Twitter users have set the mood of the nation with more than 50 tweets a day about how they don't feel Christmassy and forums on Reddit, Netmums and Quora are echoing the sentiment. In the words of Cindy Lou: "Where are you Christmas?"
Still don't feel Christmassy ☹️
- verity :thought_balloon: (@veehawthorn) December 20, 2018
I'm seeing so many people saying they don't feel Christmassy this year and I'm so glad I'm not the only one! I think it's an age thing ☹️
- Rebecca (@rebeccahxmilton) December 20, 2018
But Christmassy isn't technically an emotion - so what is it?
It's essentially a mash up of happiness, surprise and awe that we've felt at Christmas since childhood that releases feel good chemicals like dopamine into your body and oxytocin - the hormone that gives you the warm and fuzzies. Remember Christmas Eve as a child? Yeh, that.
But when you grow up your perception of Christmas shifts (rumour has it the big man doesn't exist and some of us have other problems that cloud our childhood joy). If that Christmassy feeling proves elusive, the anticipation from Christmas adverts and the ever-earlier build-up can leave you feeling flat
"As adults, we know we can never again enjoy those wondrous feelings and beliefs. It isn't surprising, then, that many people are disappointed when they don't experience the fulfilment of the promise of Christmas," explains Patricia.

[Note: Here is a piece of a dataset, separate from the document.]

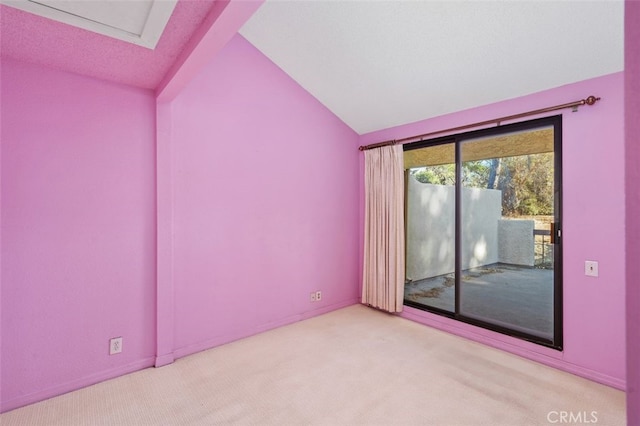 spare room with light colored carpet and lofted ceiling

Brian Hughes, a professor of psychology at NUI Galway, who has studied the psychological impact of Christmas, told the Metro that last Christmas might not have been as great as you think. "It is helpful to recall that today's underwhelming banalities will eventually be filtered from our memories, and in the future we will look back nostalgically on 2018 with a sense of mystical yuletide wonder."
We respond to our memories with emotions and physiologically feel the sensations of the past - be they excitement or sadness. But the distortions of nostalgia mean we only remember extreme emotions, so this re-experienced memory is biased and thus somewhat 'false'. In other words we filter out the crap and only remember the best bits of Christmas - so you've probably felt like this before.
But Brian explains that this isn't a reason to stop searching for Christmas spirit - we just need to put less pressure on ourselves and be psychologically flexible.
"Christmas is highly visible and almost unavoidable, so people tend to develop structured ideas, or schemas of what Christmas should and should not involve," he explains. "People tend to visualise an idealised version of Christmas - and the ideal and the actual seldom coincide.
"This is why, in psychology, we encourage people to be adaptable and flexible. Feeling that you must conform to a detailed, idealised template of Christmas makes everything very pressurised."
Krystine Batcho, a psychology professor at Le Moyne College, who invented the Nostalgia Inventory Test (a measure for how deeply people feel nostalgic) explains that we can't recapture the Christmas of our youth because we "know too much" and there's a lot of reality clouding the Christmas fantasy.
But what we can do is try to to reframe Christmassy into new feelings: "Although they're not exactly identical, they can in some ways be richer as we are now the ones making Christmas' for others - especially children."